L’azienda - che ha già intrapreso un profondo percorso di welfare aziendale durante i primi mesi della pandemia da covid-19, con l’aumento degli stipendi del 20% sulla retribuzione netta per tutto il proprio personale operaio - non intende fermarsi qua. È stato infatti disposto all’ufficio personale di creare un vero e proprio censimento dettagliato sulle famiglie di tutti i dipendenti, in modo da individuare quelle che non potranno garantire l’accesso alla didattica a distanza per i propri figli.
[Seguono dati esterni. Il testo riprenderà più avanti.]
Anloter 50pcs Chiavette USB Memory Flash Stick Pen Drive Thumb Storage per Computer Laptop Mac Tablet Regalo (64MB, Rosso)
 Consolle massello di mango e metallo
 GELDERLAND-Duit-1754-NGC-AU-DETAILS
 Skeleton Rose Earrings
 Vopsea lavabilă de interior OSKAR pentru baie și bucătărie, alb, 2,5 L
I problemi sono svariati, dall’assenza di connessioni sufficientemente idonee nelle aree periferiche delle città alla mancanza effettiva di strumentazioni tecnologiche utili in famiglia. Molti nuclei famigliari infatti, con più di un figlio a carico, non potendo garantire l’acquisto di più tablet o pc sono costretti a condividere l’unico terminale presente in casa.

“Per questo, ritenendo fondamentale per noi e per il futuro del nostro Paese l’accesso all’istruzione, completato il lavoro di verifica sulle famiglie dei nostri dipendenti cercheremo di aiutare tutti coloro che versano in queste difficoltà, garantendo così l’accesso alle lezioni a distanza provvedendo, ove necessario, all’acquisto di strumenti fisici e non - spiega l'azionista Valerio Molinari, che lancia un vero atto d’accusa - Non v’è traccia nel dcpm di queste ormai note problematiche e, come al solito, saremo costretti a intervenire noi per garantire un diritto universale, quello dell’accesso all’istruzione. Lo facciamo perché riteniamo fondamentale, soprattutto in questo periodo, dare un forte segnale al Paese e ai nostri dipendenti, cercando di cementificare quei rapporti umani che sono alla base di qualsiasi storia di successo”.